Un peu plus tard. La seconde partie est commencée depuis peu de temps et l'instant tant attendu par la foule se trouvant dans la fausse arrive enfin : Johnny et certains de ses musiciens vont, sous l'air du légendaire PÉNITENCIER (6), sur la petite scène située au centre du stade pour une séquence acoustique et nostalgique. C'est magnifique. Je n'en reviens pas : il est à quelques mètres ! Avec cette ambiance on se croirait dans un vieux club de blues aux États-Unis. Les quelques reprises et ses vieux titres, LA FILLE DE L'ÉTÉ DERNIER (7) et LA TERRE PROMISE (8), sont un vrai bonheur. Il aura 66 ans lundi et ça ne se voit vraiment pas. D'ailleurs, lorsqu'on le voit ainsi on se dit que l'âge n'est qu'un chiffre. Un détail insignifiant. Ce petit passage se termine par une version tendre et mélancolique de QUELQUE CHOSE DE TENESSEE (9), bien entendu en hommage à Michel Berger, auteur de cette merveille qui a refait, en partie, la carrière du grand en 1985. Avec cette version, on se croirait cette fois dans des petites rues glauques du New-York en plein milieu de la nuit.
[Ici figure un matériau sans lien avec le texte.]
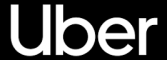 Uber Logo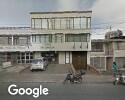 Foto exterior de Hotel La Camelia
Le spectacle se poursuit. Encore une dizaine de titres. La fin est proche...
L'ENVIE (10) se termine dans un mélange de fureur et de folie. Il vient de nous offrir plus de deux heures incroyables. Plus de deux heures de souvenirs, de rock, de blues et de l'émotion. Il nous salue avec ses musiciens. Il s'en va. Ils le suivent.
Nous hurlons son prénom. On en veut encore. La scène ne se rallume pas, reste ainsi. L'aigle nous observe toujours. Les premières notes du très beau ÇA N'FINIRA JAMAIS (11) se font entendre d'un coup. Il arrive de nouveau avec son « Ça ne peut pas finir ! Et j'aurai beau partir, je resterai toujours pour toi, à portée de voix, tu le sais bien... ».
Il continue à crier « Non ça n'finira jamais ! On refera la route, je vous le promets ! ». Son interprétation est à chialer. Ici cette chanson, aussi prenante et poignante soit elle, ressemble à un faux espoir. Elle n'est pas encore terminée que des applaudissements se font entendre. Elle se termine. Il retourne en coulisses. Cette version live de ce titre signé Calogero est une merveille. Mais trop forte pour l'occasion...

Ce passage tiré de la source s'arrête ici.